Spiritual Success Supercedes the Material Success in Saul Bellow's Seize the Day


Bellow sees the problems of the modern world as essentially matters of the spirit. In a high-pressure, pluralistic, threatening, materialistic world, people must find a way to live and to remain human. Tommy does this by recognizing that human beings must accept and share one another’s burdens.

Tommy Wilhelm is a loser. He is divorced, unemployed, broke, undereducated, self-indulgent, and dependent (on pills and his father, among other things). He lives in a hotel in New York City and wants desperately to put his life in order.
Wilhelm thinks of his life as a series of setbacks. A good part of his youth was wasted unsuccessfully trying to make it as an actor in Hollywood. After which he spent several years as a salesman of children's furniture before falling out with the management and resigning. He and his wife are incompatible, but she will not give him a divorce; he feels she is turning his two children against him even as she sends him bills. And his father, from whom he expects a little sympathy and understanding if not monetary assistance, is cold to him.

Tommy, like all Bellow protagonists, has trouble determining how to cope with the modern world.

Tommy makes one last grasp for success by investing in the commodities market under the dubious influence of Dr.

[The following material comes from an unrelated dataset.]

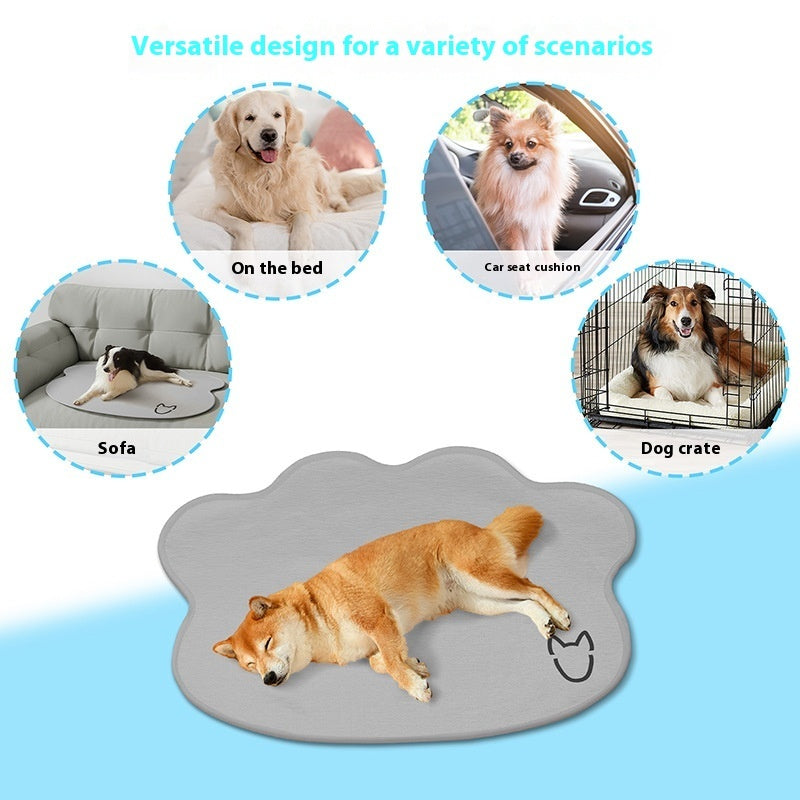 Instant Cool: Gel Mat to Beat the Summer Heat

Tamkin. His money quickly evaporates and with it his hopes.

Wilhelm must stop playing the "roles" he has been acted and he must find the person that he really is. For instance, throughout the book, he is seen, and sees himself, as "Dr. Adler's son." Later, Tommy becomes attached to Tamkin and the same disattachment is necessary. He needs also to release himself from money's grip and so he must lose all of his money to drive away its lead. Further still, he needs to release himself from Margaret, not from his obligations as a father, but from his victimization of her. In short, the paradox lies in the fact that one must lose everything in order to be free.

The other and final element that frees Tommy is that of love. At this lowest point, Tommy realizes that death is the only way to make connection with other people. Prior to the last scene he sees it only as one more form of alienation and is unwilling to sympathize with the dying all around him. Now Tommy becomes part of the "larger body" of humanity, instead of always being isolated in the crowd. After looking at the body of a man he does not know, breaks into uncontrollable weeping. In the end Tommy feels love for the people around him, and he feels love for the stranger in the coffin. It is a beautiful irony that the self-same society that constricted him can, in the end, be a freeing force also.

The end of the novel is a sharp contrast to the whole novel. Throughout the novel we see the cruelties, self-centeredness and the triumph of the spirituality.
Tommy whole heartedly cries over the coffin of the unknown person. At first, he cries out of his on misfortune and suffering. But at a certain stage he forgets about his own suffering. He truly cries for the dead man. The dead person is not his friend and relative. But still Tommy feels a connection with him. This is a human connection. There is no a slightest element of materialism or self centeredness. Thus, the novelist shows that even is a materialistic society like New York humans can act like human and feel selfless sympathy for others.